There is also the banjolele or banjo uke, which has a banjo body.



It is commonly associated with music from Hawaii (Hawaiʻi in Hawaiian) where the name roughly translates as "jumping flea" and was developed there in the 1880s as a combination of the Madeiran braguinha and rajão. A braguinha is an instrument similar to a cavaquinho, built in the city of Braga and named after it; the Portuguese cavaquinho is usually tuned in D-G-B-D, a G-major chord. The Madeiran rajão is tuned D-G-C-E-A, in other words. the D and G strings are both re-entrant, i.e., tuned an octave higher than expected in the normal low-to high course of strings. The GCEA strings of the rajão are the source of the re-entrant tuning of the modern ukulele.

In 1879 the three men generally credited as the first ukulele makers arrived from Portugal in Hawaiʻi, sailing into Honolulu on the ship Ravenscrag. These were Manuel Nunes, José do Espírito Santo, and Augusto Dias. One of these, Manuel Nunes, was the neighbour of famous ukulele player Bill Tapia. He sold Bill his first instrument for $0.75 many years later in 1915.

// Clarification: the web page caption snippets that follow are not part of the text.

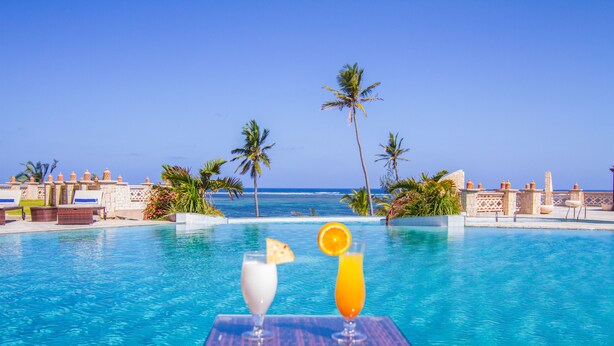 Vista a la piscina con una vista despejada del océano, palmeras y una mesa con dos bebidas.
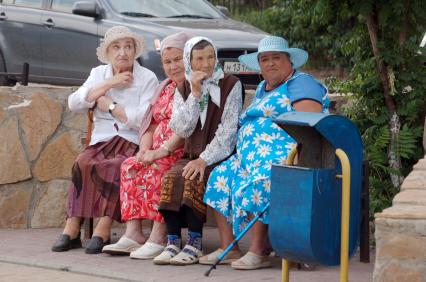 Нарядные пенсионерки сидят летом на лавочке.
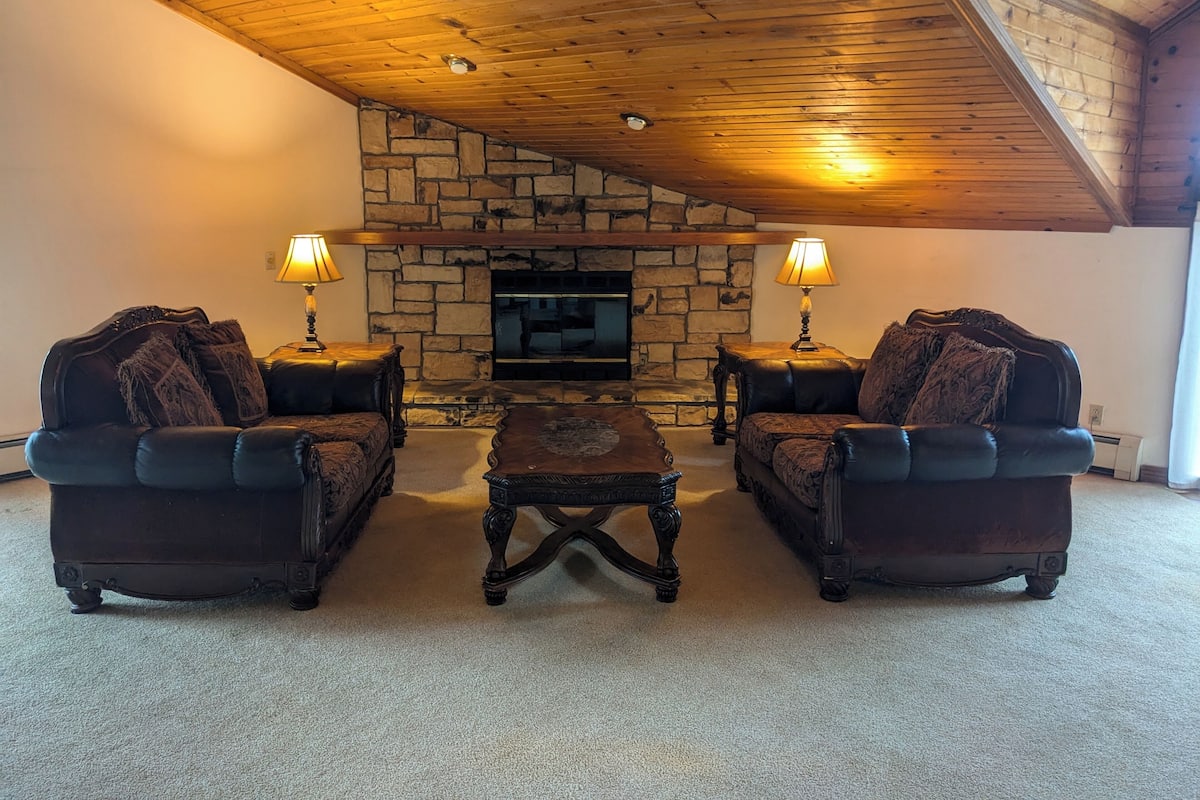 A cozy living room with a stone fireplace, two leather armchairs, and a matching coffee table.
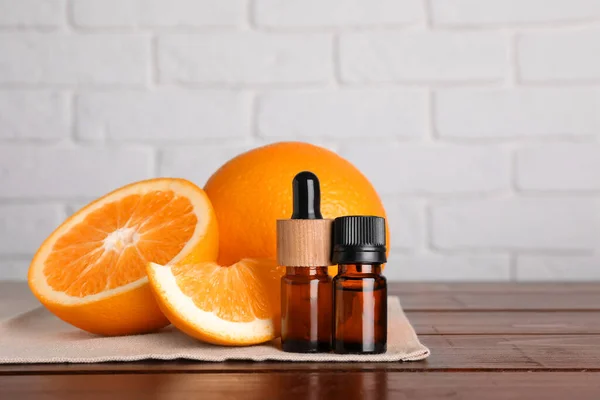 Botellas Aceite Esencial Con Naranjas Sobre Mesa Madera Contra Pared — Foto de Stock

In general, the Ukulele is a smaller version of the cuatro, a four stringed guitar from Latin America, which had been around for hundreds of years before the Ukulele.

U.S. Mainland

The ukulele was popularized for a stateside audience during the Panama Pacific International Exposition held for most of 1915 in San Francisco, at which the Hawaiian Pavilion featured a guitar and ukulele ensemble, George E. K. Awai and his Royal Hawaiian Quartette, along with ukulele maker and player Jonah Kumalae. The popularity of the ensemble with visitors launched a fad for Hawaiian-themed songs among Tin Pan Alley songwriters. The ensemble also introduced both the lap steel guitar and the ukulele into U.S. mainland popular music, where it was taken up by vaudeville performers such as Roy Smeck and Cliff "Ukulele Ike" Edwards. The ukulele became an icon of the Jazz Age as this highly portable and relatively inexpensive instrument also proved popular with amateur players throughout the 1920s, as is evidenced by the introduction of uke chord tablature into the published sheet music for popular songs of the time (a role that would eventually be supplanted by the guitar). A number of mainland-based instrument manufacturers, among them Regal, Harmony, and Martin, added ukulele, banjolele, and tiple lines to their production to take advantage of the demand.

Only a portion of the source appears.